Almost uniformly, scholars and commentators critique populism. Jan-Werner Müller, in his book What Is Populism? (Penn 2016), argues that populism is inherently an anti-pluralist strategy that, when it succeeds (invariably with the collaboration of more traditional conservative elites), veers towards exclusionary practices and mass clientelism. Nadia Urbinati, in her article “Political Theory of Populism” (2019), maintains that populism is parasitic to democracy insofar as it exploits democratic failures by means of an us and them logic, but that when it takes power it inevitably pushes the notion of the people into an extreme or authoritarian direction leading to the distortion of democratic institutions and practices (e.g. the rule of law, separation of powers, checks and balances, etc.) Jean Cohen, in her paper “What’s Wrong with Normative Theories of Left Populism?” presented at the Constellations conference at Columbia University on November 30, 2018, focuses specifically on the dangers of left populism, arguing that it cannot avoid the authoritarian pitfalls of populism more generally.

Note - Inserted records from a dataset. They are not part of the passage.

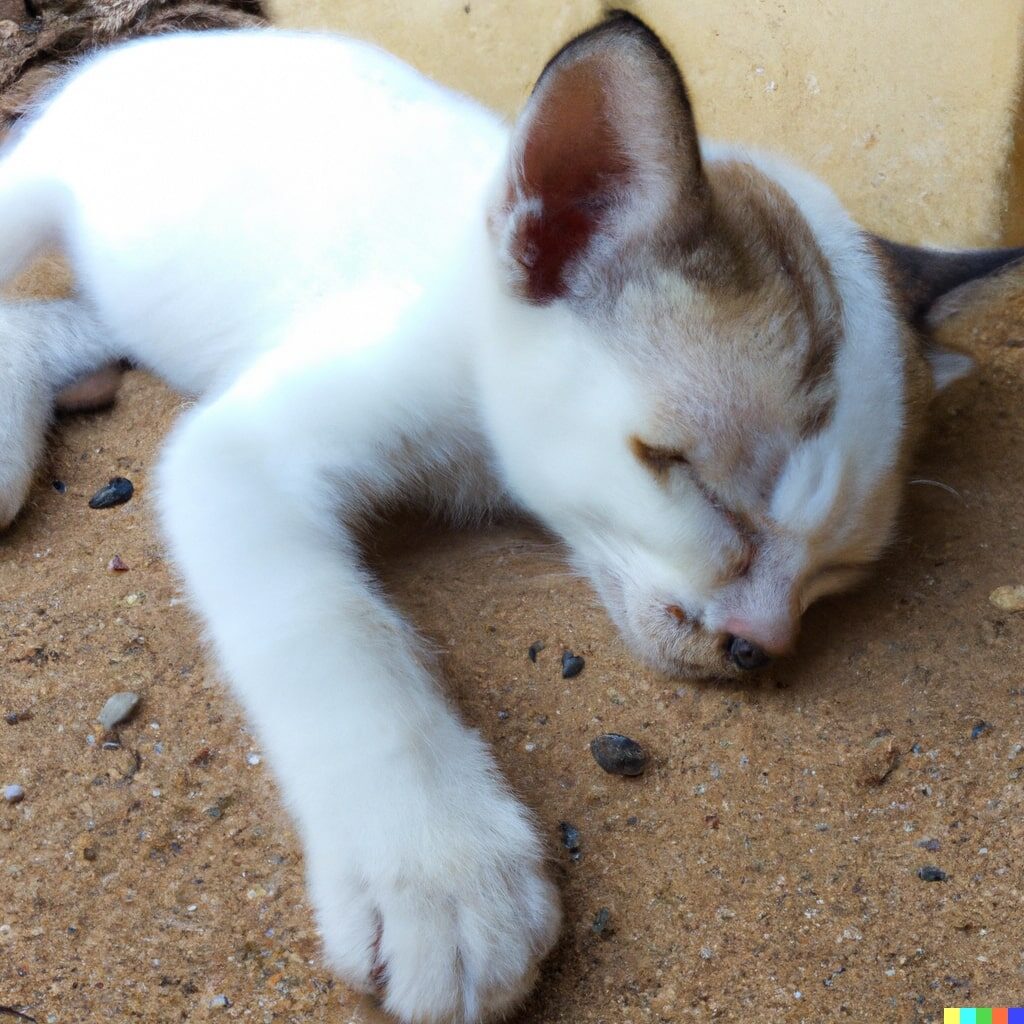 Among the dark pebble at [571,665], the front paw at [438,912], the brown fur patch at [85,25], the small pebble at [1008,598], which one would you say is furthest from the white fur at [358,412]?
the brown fur patch at [85,25]

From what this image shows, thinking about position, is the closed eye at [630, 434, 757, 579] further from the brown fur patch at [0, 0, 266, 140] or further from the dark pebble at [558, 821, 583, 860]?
the brown fur patch at [0, 0, 266, 140]

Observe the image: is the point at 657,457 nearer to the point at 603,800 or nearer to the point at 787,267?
the point at 787,267

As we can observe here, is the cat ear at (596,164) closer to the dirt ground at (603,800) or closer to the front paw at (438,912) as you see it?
the dirt ground at (603,800)

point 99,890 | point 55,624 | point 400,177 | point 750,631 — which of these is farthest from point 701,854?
point 400,177

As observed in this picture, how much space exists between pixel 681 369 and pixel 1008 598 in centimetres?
72

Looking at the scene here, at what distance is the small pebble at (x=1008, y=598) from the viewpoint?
187cm

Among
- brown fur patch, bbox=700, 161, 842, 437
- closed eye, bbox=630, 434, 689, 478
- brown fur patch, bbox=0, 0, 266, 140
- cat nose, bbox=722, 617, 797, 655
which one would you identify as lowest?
cat nose, bbox=722, 617, 797, 655

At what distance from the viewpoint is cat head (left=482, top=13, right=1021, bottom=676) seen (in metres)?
1.59

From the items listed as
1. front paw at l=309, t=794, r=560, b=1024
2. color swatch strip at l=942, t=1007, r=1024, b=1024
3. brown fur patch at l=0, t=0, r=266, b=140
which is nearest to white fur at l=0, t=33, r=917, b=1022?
front paw at l=309, t=794, r=560, b=1024

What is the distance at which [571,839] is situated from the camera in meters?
1.54

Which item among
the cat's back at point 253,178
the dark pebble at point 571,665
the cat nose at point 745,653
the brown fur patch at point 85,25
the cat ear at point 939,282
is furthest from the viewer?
the brown fur patch at point 85,25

What is clear from the confrontation with academic critics of populism, though, is that Chantal Mouffe is focused on how to gain power, whereas most of the critiques of populism are focused on the populist style of governing when in power. This reflects, to a certain extent, the distinction that Urbinati draws between populism as “a movement of opinion” versus populism as “a ruling power within the state.” (2019: *12)

But even with this distinction in mind, the core claim of the academic chorus is that a populist mode of gaining power will inevitably distort democracy in practice. In other words, that there is path dependence: it may not be possible to separate the way a movement takes power from the way it exercises power. There is, certainly, evidence for this. Donald Trump rose to power on a New Right exclusionary populism and has only accentuated the exclusionary nature of his politics in office—to the point where it is now fair to say that he is fueling a fascist, white supremacist, ultranationalist American counterrevolution. There is also evidence for this on the left side of the populist spectrum.

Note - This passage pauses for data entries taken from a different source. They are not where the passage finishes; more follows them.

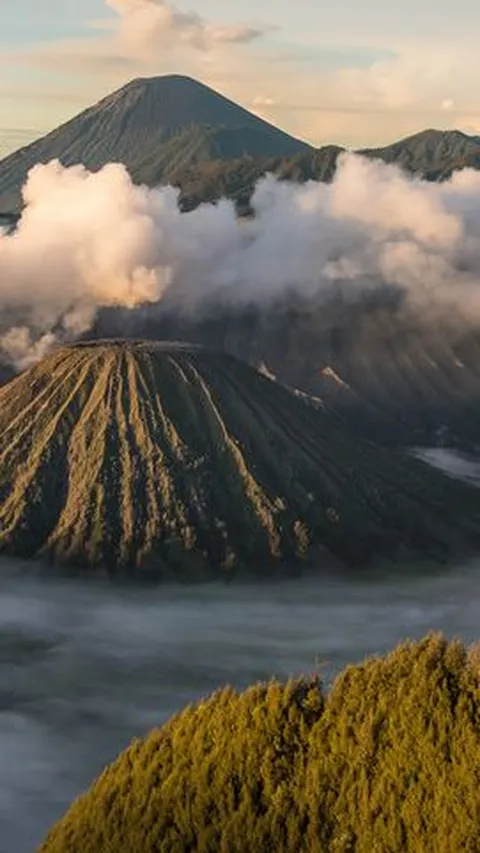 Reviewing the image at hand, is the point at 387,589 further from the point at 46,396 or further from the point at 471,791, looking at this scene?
the point at 471,791

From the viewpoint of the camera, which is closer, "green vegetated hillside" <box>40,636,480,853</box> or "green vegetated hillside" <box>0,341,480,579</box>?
"green vegetated hillside" <box>40,636,480,853</box>

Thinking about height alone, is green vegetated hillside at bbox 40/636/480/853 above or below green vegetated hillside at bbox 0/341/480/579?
below

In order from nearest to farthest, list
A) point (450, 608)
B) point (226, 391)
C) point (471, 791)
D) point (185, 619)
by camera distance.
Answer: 1. point (471, 791)
2. point (185, 619)
3. point (450, 608)
4. point (226, 391)

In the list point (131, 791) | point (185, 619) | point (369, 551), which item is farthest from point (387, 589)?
point (131, 791)

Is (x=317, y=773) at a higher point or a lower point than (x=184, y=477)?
lower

The question for us, then, in reading Mouffe’s book, is whether she has crafted a political strategy of an egalitarian and socially just populism in such a way as to disrupt the path dependence? More concretely, is it possible that Bernie Sanders in power could avoid the problems of really-existing populism—such as its authoritarian tendency, mass clientelism, and democratic distortion? Or Jean-Luc Mélanchon? Did this happen in Greece with Syriza?  Really-existing political phenomena are notoriously difficult to assess, so perhaps we will need to retreat back to theory—but the central question is whether a left populism strategy can be crafted that would avoid the pitfalls of prior populist experiences.

How then do we evaluate Mouffe’s political strategies when the history of populism is so littered with corpses? Perhaps we need to return to the history books and study less spectacular left-populist coalitions like the Front populaire in France (1936-38). Perhaps we should instead project forward and imagine an Ocasio-Cortez or Beto in 2024. Or perhaps we should return to the sharp discontinuity between praxis and theory—which is so central to Chantal Mouffe’s own political intervention.

I.

How can we properly evaluate Chantal Mouffe’s call for a left populism as a form of critical praxis in these troubled times when the definition of “populism” itself is so contested? To give Chantal Mouffe a fair reading and a fair hearing, the place to begin is to delineate clearly and contrast her use of the term populism, especially as against other contemporary usages; and then to articulate her use of the term “left.”

Populism

Mouffe articulates a narrow definition of what she calls populism. Drawing in part on her long collaboration with Ernesto Laclau, Mouffe specifies that she understands populism:

as a discursive strategy of constructing a political frontier dividing society into two camps and calling for the mobilization of the ‘underdog’ against ‘those in power.’ It is not an ideology and cannot be attributed a specific programmatic content. Nor is it a political regime. It is a way of doing politics that can take various ideological forms according to both time and place, and is compatible with a variety of institutional frameworks. (Mouffe 2018: 11)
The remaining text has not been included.